══ Extracted data

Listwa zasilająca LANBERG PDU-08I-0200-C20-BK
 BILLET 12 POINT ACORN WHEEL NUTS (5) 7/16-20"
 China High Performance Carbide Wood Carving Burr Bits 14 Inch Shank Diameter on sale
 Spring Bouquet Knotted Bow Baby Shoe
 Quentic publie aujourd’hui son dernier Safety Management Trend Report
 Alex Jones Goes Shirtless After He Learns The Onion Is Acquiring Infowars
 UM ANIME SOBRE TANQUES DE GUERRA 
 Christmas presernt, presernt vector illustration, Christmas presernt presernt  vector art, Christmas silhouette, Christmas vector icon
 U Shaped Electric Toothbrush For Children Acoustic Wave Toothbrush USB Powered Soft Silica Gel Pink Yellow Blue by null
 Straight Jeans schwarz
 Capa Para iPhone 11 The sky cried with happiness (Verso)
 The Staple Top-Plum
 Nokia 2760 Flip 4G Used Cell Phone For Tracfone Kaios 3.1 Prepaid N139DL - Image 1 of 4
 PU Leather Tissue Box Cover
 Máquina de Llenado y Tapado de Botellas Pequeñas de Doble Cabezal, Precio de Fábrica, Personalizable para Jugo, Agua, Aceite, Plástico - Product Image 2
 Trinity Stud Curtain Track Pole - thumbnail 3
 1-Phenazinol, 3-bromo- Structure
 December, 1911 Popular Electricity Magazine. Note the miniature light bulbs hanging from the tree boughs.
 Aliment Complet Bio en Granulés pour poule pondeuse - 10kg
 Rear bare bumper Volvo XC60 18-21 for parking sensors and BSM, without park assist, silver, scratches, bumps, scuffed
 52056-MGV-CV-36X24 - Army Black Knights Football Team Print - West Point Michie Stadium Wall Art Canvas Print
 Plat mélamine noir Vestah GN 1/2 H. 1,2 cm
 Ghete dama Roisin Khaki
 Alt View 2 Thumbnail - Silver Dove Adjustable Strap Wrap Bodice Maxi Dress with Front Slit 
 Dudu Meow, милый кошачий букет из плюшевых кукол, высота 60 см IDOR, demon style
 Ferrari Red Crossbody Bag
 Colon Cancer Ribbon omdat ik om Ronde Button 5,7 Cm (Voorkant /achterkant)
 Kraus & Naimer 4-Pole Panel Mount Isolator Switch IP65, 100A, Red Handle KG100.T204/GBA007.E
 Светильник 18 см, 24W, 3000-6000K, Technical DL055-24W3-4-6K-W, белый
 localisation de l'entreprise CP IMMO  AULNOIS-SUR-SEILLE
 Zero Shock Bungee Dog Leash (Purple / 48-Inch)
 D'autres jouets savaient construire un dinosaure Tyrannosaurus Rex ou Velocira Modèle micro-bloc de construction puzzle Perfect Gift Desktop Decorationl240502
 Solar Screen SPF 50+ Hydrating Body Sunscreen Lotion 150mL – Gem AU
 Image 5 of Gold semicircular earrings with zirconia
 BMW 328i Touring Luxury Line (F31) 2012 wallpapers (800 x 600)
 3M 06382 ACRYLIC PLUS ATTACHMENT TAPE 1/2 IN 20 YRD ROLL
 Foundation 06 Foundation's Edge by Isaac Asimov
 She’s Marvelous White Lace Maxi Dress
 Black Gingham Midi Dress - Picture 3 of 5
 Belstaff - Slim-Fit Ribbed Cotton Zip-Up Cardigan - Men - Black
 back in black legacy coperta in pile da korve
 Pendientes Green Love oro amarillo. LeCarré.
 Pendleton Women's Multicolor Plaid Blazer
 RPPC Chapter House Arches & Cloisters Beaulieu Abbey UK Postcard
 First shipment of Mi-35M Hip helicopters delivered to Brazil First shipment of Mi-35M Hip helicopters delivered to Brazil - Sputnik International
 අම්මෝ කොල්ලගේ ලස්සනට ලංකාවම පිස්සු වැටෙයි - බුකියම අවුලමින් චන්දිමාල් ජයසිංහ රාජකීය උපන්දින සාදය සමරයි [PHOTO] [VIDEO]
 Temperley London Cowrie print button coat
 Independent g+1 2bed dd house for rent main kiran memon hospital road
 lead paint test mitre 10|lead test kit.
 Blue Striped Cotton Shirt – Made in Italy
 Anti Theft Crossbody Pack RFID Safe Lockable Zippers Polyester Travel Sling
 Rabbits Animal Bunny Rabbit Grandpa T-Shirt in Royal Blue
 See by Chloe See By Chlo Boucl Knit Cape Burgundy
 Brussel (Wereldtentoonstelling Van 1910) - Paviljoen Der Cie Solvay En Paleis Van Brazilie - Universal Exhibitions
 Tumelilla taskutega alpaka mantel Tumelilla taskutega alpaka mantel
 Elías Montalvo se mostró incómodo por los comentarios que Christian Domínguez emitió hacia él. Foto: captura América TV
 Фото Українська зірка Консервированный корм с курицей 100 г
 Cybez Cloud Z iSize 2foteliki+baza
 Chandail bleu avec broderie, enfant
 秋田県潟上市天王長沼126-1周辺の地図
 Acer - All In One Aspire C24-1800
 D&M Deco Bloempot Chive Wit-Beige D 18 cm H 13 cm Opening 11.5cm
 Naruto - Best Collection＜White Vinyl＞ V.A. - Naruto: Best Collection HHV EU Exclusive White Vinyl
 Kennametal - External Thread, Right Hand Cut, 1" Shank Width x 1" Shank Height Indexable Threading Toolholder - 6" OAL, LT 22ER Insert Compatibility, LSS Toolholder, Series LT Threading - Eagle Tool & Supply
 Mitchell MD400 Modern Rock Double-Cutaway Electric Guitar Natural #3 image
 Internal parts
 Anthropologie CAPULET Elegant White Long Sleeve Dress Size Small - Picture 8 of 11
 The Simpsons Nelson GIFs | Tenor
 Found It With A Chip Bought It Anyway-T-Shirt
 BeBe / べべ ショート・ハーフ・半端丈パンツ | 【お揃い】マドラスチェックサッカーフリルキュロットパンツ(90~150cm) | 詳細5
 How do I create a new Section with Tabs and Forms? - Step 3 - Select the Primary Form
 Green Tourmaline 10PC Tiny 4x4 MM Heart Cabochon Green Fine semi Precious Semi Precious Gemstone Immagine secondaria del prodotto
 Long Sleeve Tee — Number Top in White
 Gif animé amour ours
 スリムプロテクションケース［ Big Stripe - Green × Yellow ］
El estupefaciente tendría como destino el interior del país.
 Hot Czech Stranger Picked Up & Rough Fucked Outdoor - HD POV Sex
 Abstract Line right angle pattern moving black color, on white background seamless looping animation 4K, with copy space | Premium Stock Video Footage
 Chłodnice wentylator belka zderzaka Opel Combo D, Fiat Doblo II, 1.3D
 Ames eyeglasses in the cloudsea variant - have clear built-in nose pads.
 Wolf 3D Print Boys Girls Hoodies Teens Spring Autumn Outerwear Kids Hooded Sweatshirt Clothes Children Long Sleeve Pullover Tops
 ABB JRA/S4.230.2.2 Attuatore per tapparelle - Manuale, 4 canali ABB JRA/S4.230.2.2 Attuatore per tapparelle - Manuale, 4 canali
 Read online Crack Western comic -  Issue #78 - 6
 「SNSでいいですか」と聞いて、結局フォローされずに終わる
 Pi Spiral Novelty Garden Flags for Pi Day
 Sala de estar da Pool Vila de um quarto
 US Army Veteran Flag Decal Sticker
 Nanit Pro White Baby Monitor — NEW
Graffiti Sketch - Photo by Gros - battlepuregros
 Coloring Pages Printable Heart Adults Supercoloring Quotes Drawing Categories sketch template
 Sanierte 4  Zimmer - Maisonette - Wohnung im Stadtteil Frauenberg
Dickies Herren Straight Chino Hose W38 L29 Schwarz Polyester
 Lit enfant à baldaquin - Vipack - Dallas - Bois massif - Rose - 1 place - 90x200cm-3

════

● **What is expected**
An exact copy of all the material is what is needed.

● **Answer for the task**
Listwa zasilająca LANBERG PDU-08I-0200-C20-BK
 BILLET 12 POINT ACORN WHEEL NUTS (5) 7/16-20"
 China High Performance Carbide Wood Carving Burr Bits 14 Inch Shank Diameter on sale
 Spring Bouquet Knotted Bow Baby Shoe
 Quentic publie aujourd’hui son dernier Safety Management Trend Report
 Alex Jones Goes Shirtless After He Learns The Onion Is Acquiring Infowars
 UM ANIME SOBRE TANQUES DE GUERRA 
 Christmas presernt, presernt vector illustration, Christmas presernt presernt  vector art, Christmas silhouette, Christmas vector icon
 U Shaped Electric Toothbrush For Children Acoustic Wave Toothbrush USB Powered Soft Silica Gel Pink Yellow Blue by null
 Straight Jeans schwarz
 Capa Para iPhone 11 The sky cried with happiness (Verso)
 The Staple Top-Plum
 Nokia 2760 Flip 4G Used Cell Phone For Tracfone Kaios 3.1 Prepaid N139DL - Image 1 of 4
 PU Leather Tissue Box Cover
 Máquina de Llenado y Tapado de Botellas Pequeñas de Doble Cabezal, Precio de Fábrica, Personalizable para Jugo, Agua, Aceite, Plástico - Product Image 2
 Trinity Stud Curtain Track Pole - thumbnail 3
 1-Phenazinol, 3-bromo- Structure
 December, 1911 Popular Electricity Magazine. Note the miniature light bulbs hanging from the tree boughs.
 Aliment Complet Bio en Granulés pour poule pondeuse - 10kg
 Rear bare bumper Volvo XC60 18-21 for parking sensors and BSM, without park assist, silver, scratches, bumps, scuffed
 52056-MGV-CV-36X24 - Army Black Knights Football Team Print - West Point Michie Stadium Wall Art Canvas Print
 Plat mélamine noir Vestah GN 1/2 H. 1,2 cm
 Ghete dama Roisin Khaki
 Alt View 2 Thumbnail - Silver Dove Adjustable Strap Wrap Bodice Maxi Dress with Front Slit 
 Dudu Meow, милый кошачий букет из плюшевых кукол, высота 60 см IDOR, demon style
 Ferrari Red Crossbody Bag
 Colon Cancer Ribbon omdat ik om Ronde Button 5,7 Cm (Voorkant /achterkant)
 Kraus & Naimer 4-Pole Panel Mount Isolator Switch IP65, 100A, Red Handle KG100.T204/GBA007.E
 Светильник 18 см, 24W, 3000-6000K, Technical DL055-24W3-4-6K-W, белый
 localisation de l'entreprise CP IMMO  AULNOIS-SUR-SEILLE
 Zero Shock Bungee Dog Leash (Purple / 48-Inch)
 D'autres jouets savaient construire un dinosaure Tyrannosaurus Rex ou Velocira Modèle micro-bloc de construction puzzle Perfect Gift Desktop Decorationl240502
 Solar Screen SPF 50+ Hydrating Body Sunscreen Lotion 150mL – Gem AU
 Image 5 of Gold semicircular earrings with zirconia
 BMW 328i Touring Luxury Line (F31) 2012 wallpapers (800 x 600)
 3M 06382 ACRYLIC PLUS ATTACHMENT TAPE 1/2 IN 20 YRD ROLL
 Foundation 06 Foundation's Edge by Isaac Asimov
 She’s Marvelous White Lace Maxi Dress
 Black Gingham Midi Dress - Picture 3 of 5
 Belstaff - Slim-Fit Ribbed Cotton Zip-Up Cardigan - Men - Black
 back in black legacy coperta in pile da korve
 Pendientes Green Love oro amarillo. LeCarré.
 Pendleton Women's Multicolor Plaid Blazer
 RPPC Chapter House Arches & Cloisters Beaulieu Abbey UK Postcard
 First shipment of Mi-35M Hip helicopters delivered to Brazil First shipment of Mi-35M Hip helicopters delivered to Brazil - Sputnik International
 අම්මෝ කොල්ලගේ ලස්සනට ලංකාවම පිස්සු වැටෙයි - බුකියම අවුලමින් චන්දිමාල් ජයසිංහ රාජකීය උපන්දින සාදය සමරයි [PHOTO] [VIDEO]
 Temperley London Cowrie print button coat
 Independent g+1 2bed dd house for rent main kiran memon hospital road
 lead paint test mitre 10|lead test kit.
 Blue Striped Cotton Shirt – Made in Italy
 Anti Theft Crossbody Pack RFID Safe Lockable Zippers Polyester Travel Sling
 Rabbits Animal Bunny Rabbit Grandpa T-Shirt in Royal Blue
 See by Chloe See By Chlo Boucl Knit Cape Burgundy
 Brussel (Wereldtentoonstelling Van 1910) - Paviljoen Der Cie Solvay En Paleis Van Brazilie - Universal Exhibitions
 Tumelilla taskutega alpaka mantel Tumelilla taskutega alpaka mantel
 Elías Montalvo se mostró incómodo por los comentarios que Christian Domínguez emitió hacia él. Foto: captura América TV
 Фото Українська зірка Консервированный корм с курицей 100 г
 Cybez Cloud Z iSize 2foteliki+baza
 Chandail bleu avec broderie, enfant
 秋田県潟上市天王長沼126-1周辺の地図
 Acer - All In One Aspire C24-1800
 D&M Deco Bloempot Chive Wit-Beige D 18 cm H 13 cm Opening 11.5cm
 Naruto - Best Collection＜White Vinyl＞ V.A. - Naruto: Best Collection HHV EU Exclusive White Vinyl
 Kennametal - External Thread, Right Hand Cut, 1" Shank Width x 1" Shank Height Indexable Threading Toolholder - 6" OAL, LT 22ER Insert Compatibility, LSS Toolholder, Series LT Threading - Eagle Tool & Supply
 Mitchell MD400 Modern Rock Double-Cutaway Electric Guitar Natural #3 image
 Internal parts
 Anthropologie CAPULET Elegant White Long Sleeve Dress Size Small - Picture 8 of 11
 The Simpsons Nelson GIFs | Tenor
 Found It With A Chip Bought It Anyway-T-Shirt
 BeBe / べべ ショート・ハーフ・半端丈パンツ | 【お揃い】マドラスチェックサッカーフリルキュロットパンツ(90~150cm) | 詳細5
 How do I create a new Section with Tabs and Forms? - Step 3 - Select the Primary Form
 Green Tourmaline 10PC Tiny 4x4 MM Heart Cabochon Green Fine semi Precious Semi Precious Gemstone Immagine secondaria del prodotto
 Long Sleeve Tee — Number Top in White
 Gif animé amour ours
 スリムプロテクションケース［ Big Stripe - Green × Yellow ］
El estupefaciente tendría como destino el interior del país.
 Hot Czech Stranger Picked Up & Rough Fucked Outdoor - HD POV Sex
 Abstract Line right angle pattern moving black color, on white background seamless looping animation 4K, with copy space | Premium Stock Video Footage
 Chłodnice wentylator belka zderzaka Opel Combo D, Fiat Doblo II, 1.3D
 Ames eyeglasses in the cloudsea variant - have clear built-in nose pads.
 Wolf 3D Print Boys Girls Hoodies Teens Spring Autumn Outerwear Kids Hooded Sweatshirt Clothes Children Long Sleeve Pullover Tops
 ABB JRA/S4.230.2.2 Attuatore per tapparelle - Manuale, 4 canali ABB JRA/S4.230.2.2 Attuatore per tapparelle - Manuale, 4 canali
 Read online Crack Western comic -  Issue #78 - 6
 「SNSでいいですか」と聞いて、結局フォローされずに終わる
 Pi Spiral Novelty Garden Flags for Pi Day
 Sala de estar da Pool Vila de um quarto
 US Army Veteran Flag Decal Sticker
 Nanit Pro White Baby Monitor — NEW
Graffiti Sketch - Photo by Gros - battlepuregros
 Coloring Pages Printable Heart Adults Supercoloring Quotes Drawing Categories sketch template
 Sanierte 4  Zimmer - Maisonette - Wohnung im Stadtteil Frauenberg
Dickies Herren Straight Chino Hose W38 L29 Schwarz Polyester
 Lit enfant à baldaquin - Vipack - Dallas - Bois massif - Rose - 1 place - 90x200cm-3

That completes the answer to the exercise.